Curtis’ career took off from there—he was immensely popular, good at making speeches, shaking hands, and remembering constituents. Publications of the day extolled Curtis’ rise to prominence as a story of a man pulling himself up by his bootstraps. Indian Commissioner Charles H. Burke published a pamphlet about Curtis directed to Indian youth, holding up Curtis as an example of what goals Indians could accomplish with hard work (Unrau, 22). When the General Allotment Act on the allotment of Indian lands—also known as the Dawes Act— passed in February 1887, Curtis was already working ambitiously, “…determined to prove the truth of the assimilationists’ dream” (Unrau, 114). He was elected as a Republican representative to the 53rd Congress and served from March 4, 1893, until January 28, 1907, when he resigned to serve as a Senator for Kansas, having been designated to fill the seat after Joseph Burton’s resignation. He was famous for answering all letters from his constituents within a 24-hour period (Unrau, 109).
Curtis supported veterans’ benefits, high tariffs, women’s suffrage, and assimilation among other issues during his career. He did lose his Senate seat in 1912, but was reelected in 1914, and continued to serve until 1926. One of his positions was chair of the Senate Indian Affairs Committee, where he authored the bill that he considered his greatest legislative achievement: the Curtis Act of 1898 (Unrau, 122). It was a modification of the Dawes Act that advanced Oklahoma’s push for statehood and further limited the sovereignty of the five largest Oklahoma nations (Cherokee, Choctaw, Muscogee, Chickasaw, Seminole).
Curtis was elected the majority leader of his party in 1924 and was Herbert Hoover’s running mate in the 1928 election.

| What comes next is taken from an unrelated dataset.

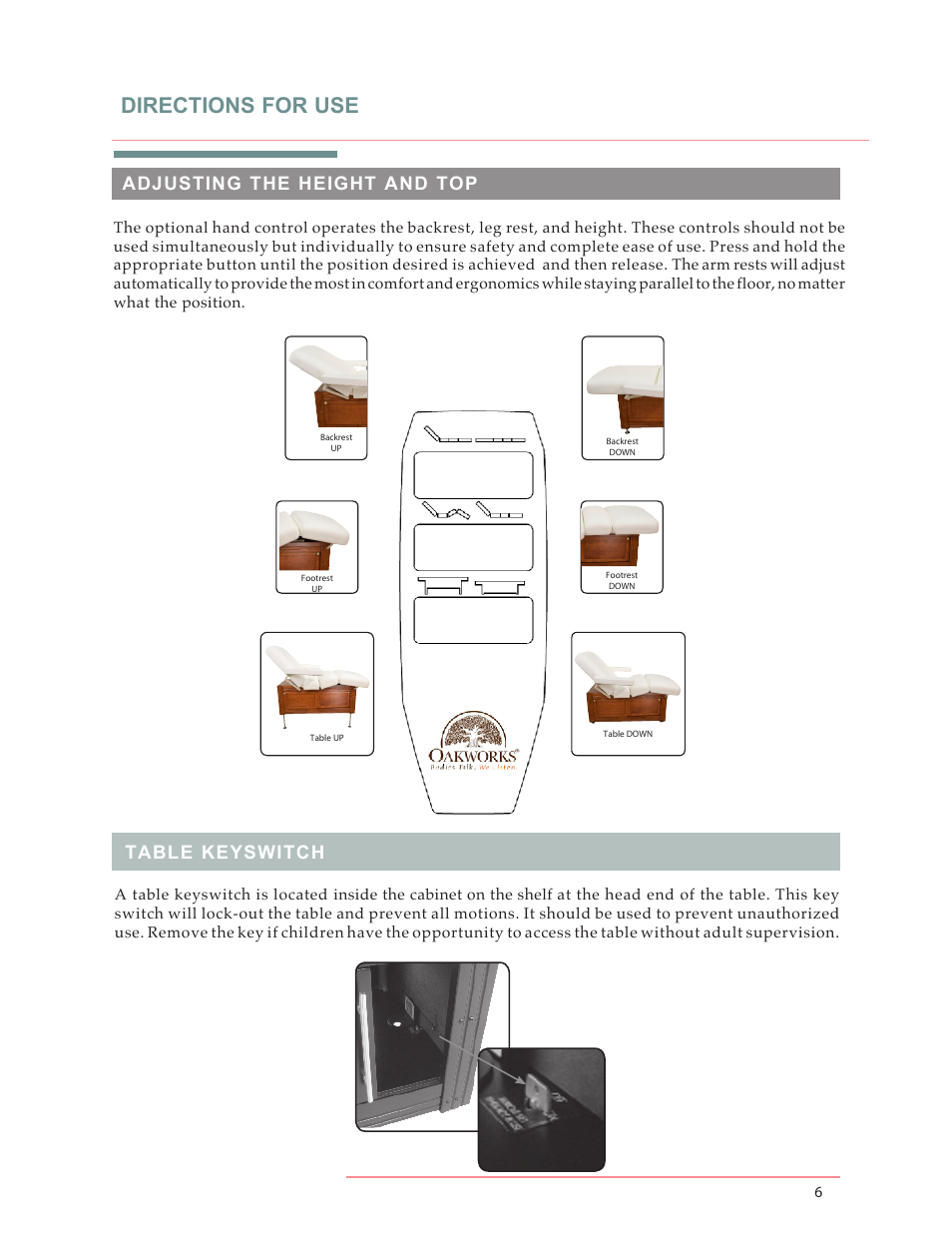 Directions for use, Adjusting the height and top, Table keyswitch | Oakworks Celesta/Clodagh Gemini User Manual | Page 11 / 20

During the election, his Kaw ancestry wasn’t often mentioned. Hoover and Curtis were inaugurated on March 4, 1929, and they served until their term ended on March 3, 1933. He ran for re-election with Hoover, but Franklin D. Roosevelt won the election, and Curtis retired to his private law practice in D.C. He died of a heart attack at his sister’s home in D.C. on February 8, 1936, and was buried in Topeka.